奴隷のイメージと実際の処遇

政治と経済

まだ奴隷制度が生きていた時代に書かれた本を読み、案外というかとても人間的に扱われていたということに驚きました。

タイトル『奴隷のしつけ方』

こんなタイトルの本は今の世の中ではおいそれと出版できまい(笑)という感じ。奴隷制度があった時代に奴隷として生きていた人達は何にモチベーションを感じたり、生き甲斐を持ったりしたのだろうということが知りたくてKindle版を購入したのでした。(いつも思うがAmazonのリコメンド機能は本当に優秀だ。私が読みたいと思うであろう本というのを的確に表示してくる。)

奴隷といっても

奴隷と言われると「安値で買い取られ、ムチで叩かれて、ろくな食事も睡眠ももらえずにひたすら死ぬまで働かされている人達」というイメージが強いと思います。私も正直そうでした。

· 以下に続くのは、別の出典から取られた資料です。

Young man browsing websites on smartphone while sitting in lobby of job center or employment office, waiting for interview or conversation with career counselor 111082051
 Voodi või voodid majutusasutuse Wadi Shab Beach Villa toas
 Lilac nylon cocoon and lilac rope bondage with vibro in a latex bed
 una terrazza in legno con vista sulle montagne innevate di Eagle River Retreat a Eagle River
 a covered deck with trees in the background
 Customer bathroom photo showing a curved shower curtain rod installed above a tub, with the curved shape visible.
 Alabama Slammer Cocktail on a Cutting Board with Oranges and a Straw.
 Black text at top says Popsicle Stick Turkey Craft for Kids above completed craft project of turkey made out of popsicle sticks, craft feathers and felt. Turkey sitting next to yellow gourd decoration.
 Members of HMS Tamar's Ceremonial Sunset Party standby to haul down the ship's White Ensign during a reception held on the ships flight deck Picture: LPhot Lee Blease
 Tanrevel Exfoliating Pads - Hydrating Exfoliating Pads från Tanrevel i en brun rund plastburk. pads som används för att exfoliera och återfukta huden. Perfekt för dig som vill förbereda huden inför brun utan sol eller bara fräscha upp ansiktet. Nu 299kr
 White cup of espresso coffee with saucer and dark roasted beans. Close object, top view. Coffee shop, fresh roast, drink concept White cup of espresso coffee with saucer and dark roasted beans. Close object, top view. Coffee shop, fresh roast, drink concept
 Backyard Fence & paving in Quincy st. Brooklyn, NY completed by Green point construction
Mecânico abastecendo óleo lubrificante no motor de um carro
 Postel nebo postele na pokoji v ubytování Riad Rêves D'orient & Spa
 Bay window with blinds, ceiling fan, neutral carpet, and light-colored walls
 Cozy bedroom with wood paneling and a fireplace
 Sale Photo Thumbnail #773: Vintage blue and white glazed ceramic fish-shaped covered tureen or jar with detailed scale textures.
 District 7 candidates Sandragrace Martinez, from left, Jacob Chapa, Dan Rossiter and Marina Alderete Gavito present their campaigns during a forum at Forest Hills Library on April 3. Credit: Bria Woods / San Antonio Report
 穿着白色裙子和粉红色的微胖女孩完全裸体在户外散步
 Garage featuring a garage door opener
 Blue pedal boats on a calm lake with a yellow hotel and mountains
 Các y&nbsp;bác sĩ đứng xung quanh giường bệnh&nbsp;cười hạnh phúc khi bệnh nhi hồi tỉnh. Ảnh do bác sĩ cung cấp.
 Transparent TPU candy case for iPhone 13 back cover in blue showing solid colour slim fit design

ところが、この本に出てくる奴隷というのは、「奴隷を1人買うとのはとても大きな投資」「訳あって奴隷に流れ着いた、元々は立派な人間だったというケースもあり、こういう奴隷は非常に高度な専門性や知識を持っていることもある。彼らの気持ちに寄り添い励ましながら、彼らが最大の力を発揮できるように環境を整える」「奴隷を身体的に虐待するなどというのは愚の骨頂である」という記述にあるとおり、とても人間的に扱われている、と感じます。

奴隷=現代の基本的人権に若干制約のあるレベルの従業員?

奴隷といっても社会の構成要素である限りは、好き勝手に暴力を振るったり殺したりという扱いをしたらきっと徒党を組んで反乱を起こします。この本で読んだ限りの奴隷とは

「現代社会と比較すると若干、基本的人権(選挙権だとか社会保険の類いとか)に不足や制約のある、普通の雇われ人」

という感じがしました。(ただこれはヨーロッパの話しなので、社会的な問題だったらわざわざリンカーンが「奴隷解放宣言」などと宣うこともないわけで。)

今も昔も所詮は人の世。あまり社会的な構造は変わってないのかな。